▶ How to complete this task
In the records below, find the line containing "The luxury cruise", then print it and every following line exactly, through the last, without pictures.

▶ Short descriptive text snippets
◆ ◆ ◆ ◆

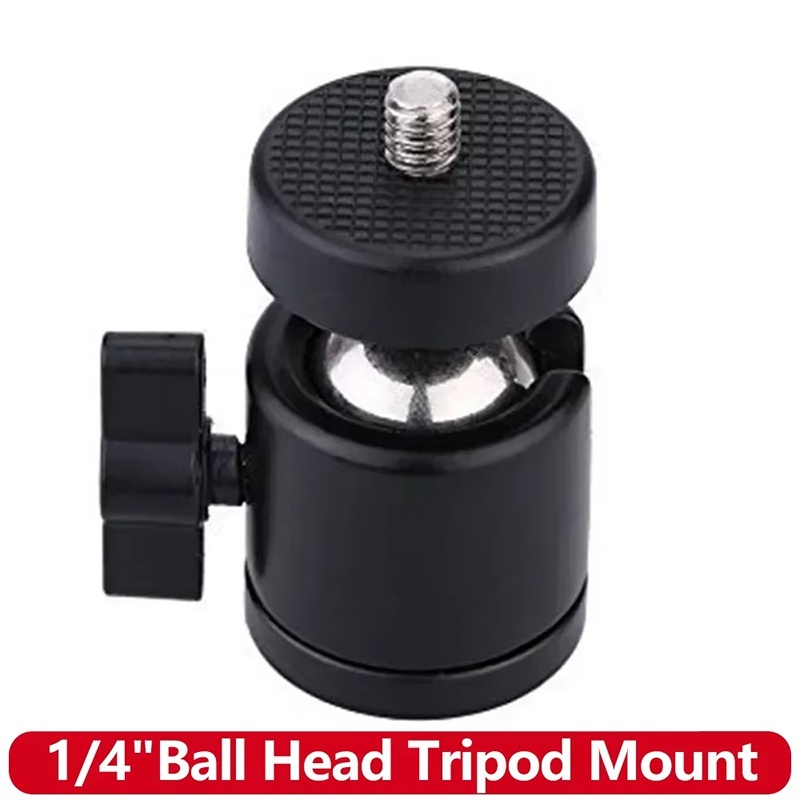 Fluid Head Tripod - Evrensel Mini Metal Top Başlıklı Adaptör
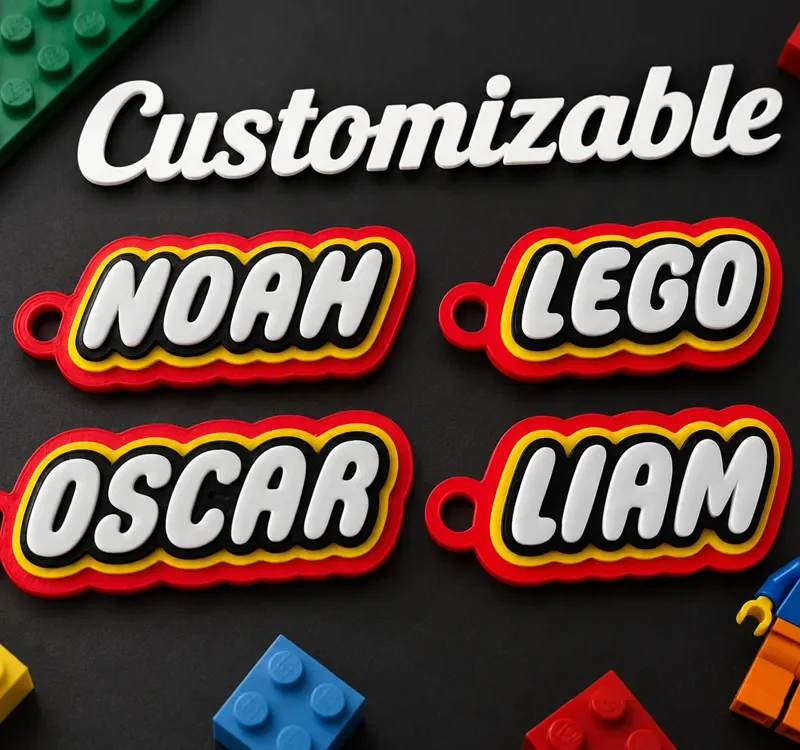 Chaveiro Personalizável LEGO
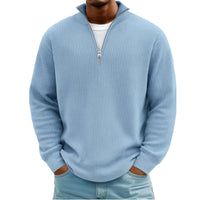 Men's Hoodie Waffle Knit Pullover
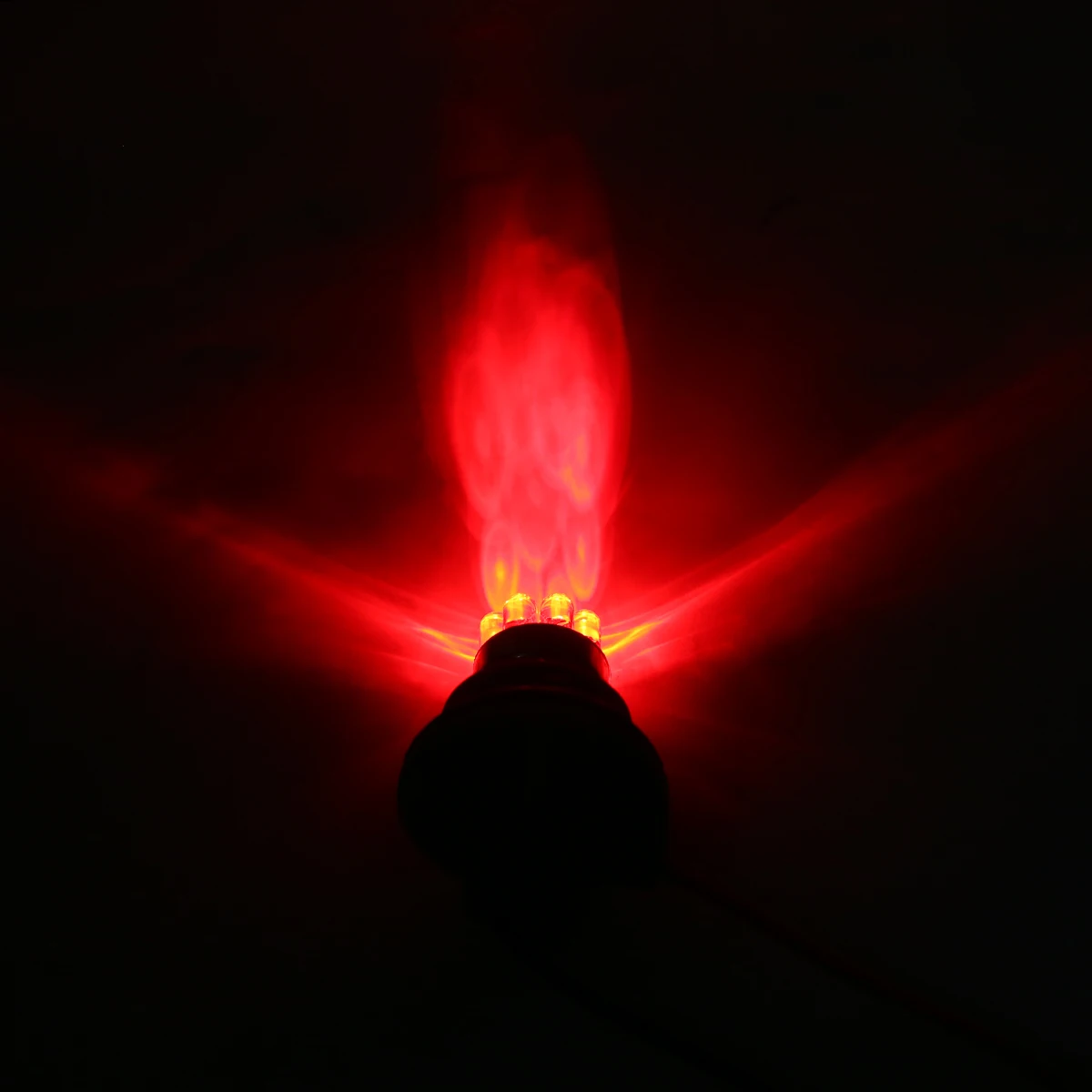 DC 12V BA15D 1157 Car Stop Brake Light 9-LEDs High Brightness Red Car Signal Lamp Taillight Bulbs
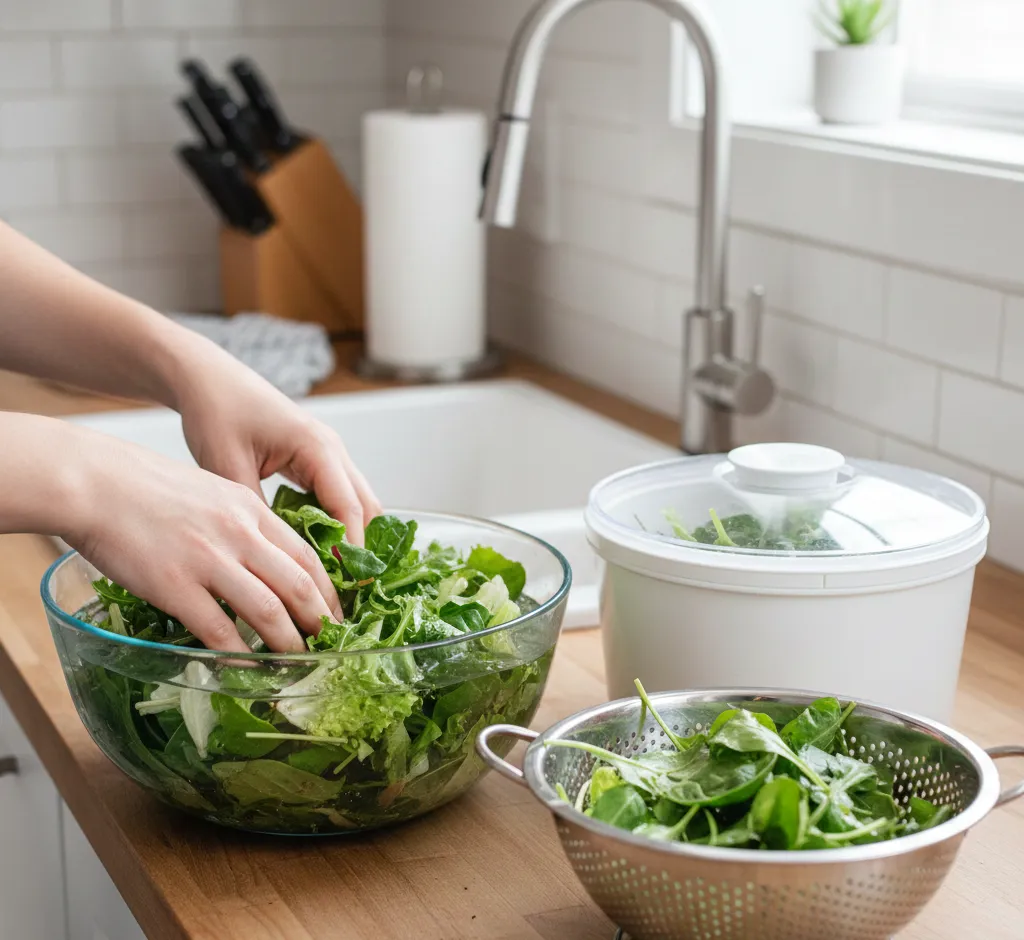 Best Practices for Washing Salad Greens: A Complete Home Kitchen Guide
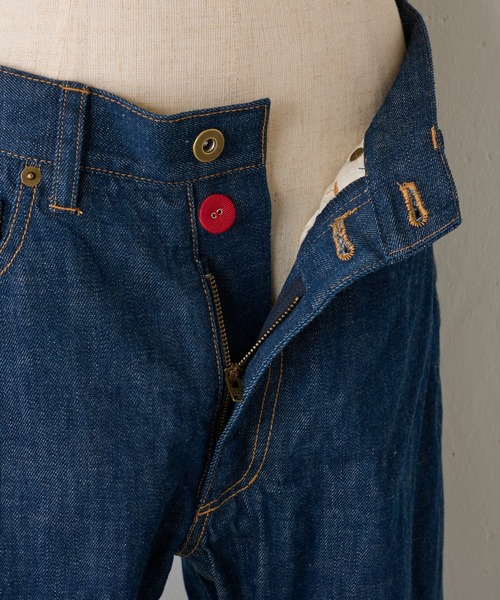 BEARDSLEY（ビアズリー）の「ボタンデニム（デニムパンツ・レディース・インディゴブルー・FREE）」の16枚目の写真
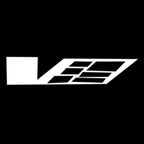 CADILLAC  V  SERIES LOGO PROJECTOT LIGHTS Nr.9778 (quantity 1 = 2 Logo Films /2 door lights）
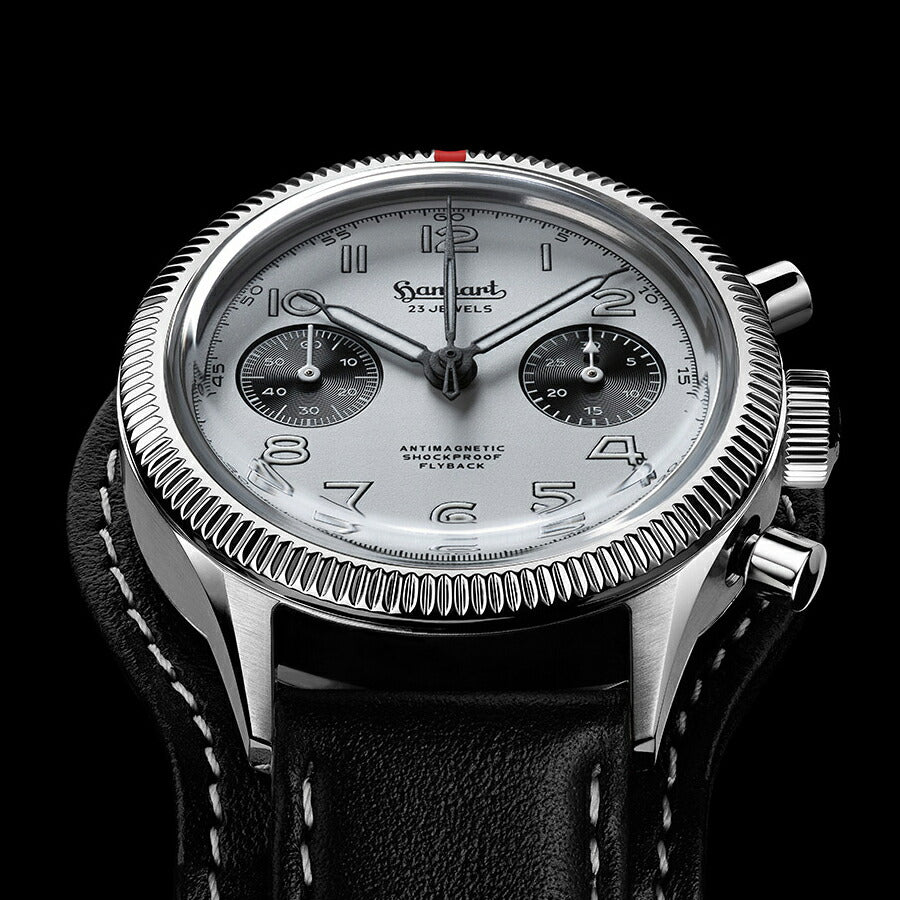 ハンハルト hanhart 腕時計 メンズ パイオニア 417ES 1954 フライバック パンダ 39 PIONEER 417ES 1954 Flyback Panda 39 手巻き 1H701.201-7010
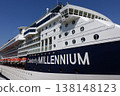 The luxury cruise ship Celebrity Millennium at anchor 138148123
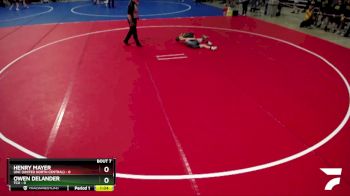 85 lbs Semis & 1st Wrestleback (8 Team) - Owen Delander, TCU vs Henry Mayer, UNC (United North Central)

◆ ◆ ◆ ◆

▶ Expected answer
 The luxury cruise ship Celebrity Millennium at anchor 138148123
 85 lbs Semis & 1st Wrestleback (8 Team) - Owen Delander, TCU vs Henry Mayer, UNC (United North Central)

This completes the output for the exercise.